* Dataset
::::::::::
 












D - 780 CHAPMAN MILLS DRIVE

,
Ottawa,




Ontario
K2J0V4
::::::::::
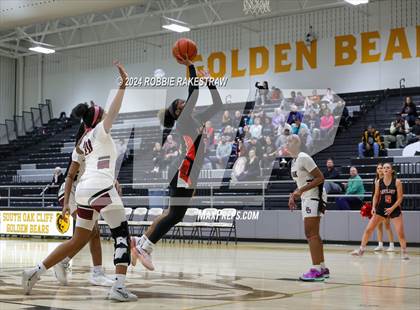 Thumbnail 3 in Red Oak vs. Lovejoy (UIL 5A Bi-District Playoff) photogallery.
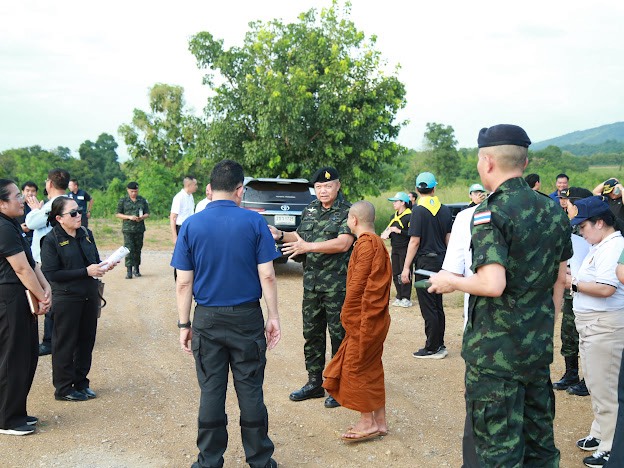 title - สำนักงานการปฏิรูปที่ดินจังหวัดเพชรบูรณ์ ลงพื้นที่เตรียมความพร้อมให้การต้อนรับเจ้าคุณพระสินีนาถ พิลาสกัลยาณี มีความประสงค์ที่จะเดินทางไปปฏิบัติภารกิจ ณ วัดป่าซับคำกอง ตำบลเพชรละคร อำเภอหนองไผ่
::::::::::
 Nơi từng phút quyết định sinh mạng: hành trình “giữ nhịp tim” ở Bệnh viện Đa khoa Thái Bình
::::::::::
* Problem
Repeat exactly, and only, the entries from the line with "Thumbnail 3 in" through the line with "title - สำนักงานการปฏิรูปที่ดินจังหวัดเพชรบูรณ์". Pictures are skipped.

* Output of the task
 Thumbnail 3 in Red Oak vs. Lovejoy (UIL 5A Bi-District Playoff) photogallery.
 title - สำนักงานการปฏิรูปที่ดินจังหวัดเพชรบูรณ์ ลงพื้นที่เตรียมความพร้อมให้การต้อนรับเจ้าคุณพระสินีนาถ พิลาสกัลยาณี มีความประสงค์ที่จะเดินทางไปปฏิบัติภารกิจ ณ วัดป่าซับคำกอง ตำบลเพชรละคร อำเภอหนองไผ่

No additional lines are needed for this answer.